The refugees naturally had an affect on Janus and his colleagues who supplied the family with food from their own kitchen.

Surprisingly for their “helpless” status, not all asylum-seekers in Hungary display gratitude to the assistance provided to them – Janos recalled an embarrassing situation at the Keleti Train Station in Budapest.

“Police gave them food and water but they threw it straight onto to the ground, maybe they didn’t like it”, the young man suggested.

The interesting point about Janos is that, speaking good English, he does not understand the term “migrant.” All of those people are refugees for him, and he feels sympathy for them, saying that they do not pose risks for Hungary.

The barman considers the notorious fight between police and asylum-seekers at the Horgos-Rozske border crossing point on the Serbian-Hungarian frontier as “ridiculous” because of the use of water cannons and tear gas against the incomers.

On September 16 migrants brutally clashed with the Hungarian police at the border attempting to enter the EU country. Some 30 policemen and 150 migrants sustained injuries, scores were arrested.

Janos said that the refugee influx had not noticeably altered life in the Hungarian capital because “we already have a lot of Chinese people here.
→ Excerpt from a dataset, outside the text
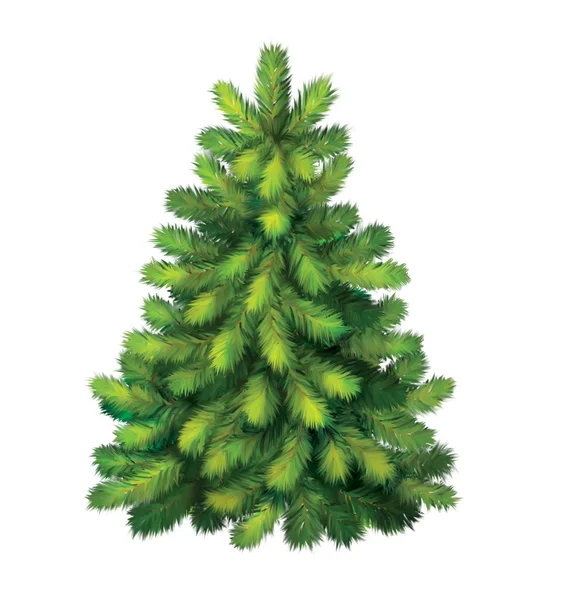 Pine tree. christmas tree — Stock Image Pine tree. christmas tree Royalty Free Stock Images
They lived in catacombs under the market, and the authorities had to close it because of this issue.”

What Janos described as a shocking apogee of the crisis was a situation when asylum-seekers, unable to get into Europe, tried to give their children a better chance for survival than they themselves had.

“They threw two children over the border hoping the EU would take care of them.”

Janos slammed the Hungarian border fences as “ridiculous political populism” stating that if the government had serious intentions, it would have built real walls instead of the existing barriers.

He cast the blame for the expanding chaos on ISIL and added that though Russia targeted the real villains, evil cannot be eradicated with violence.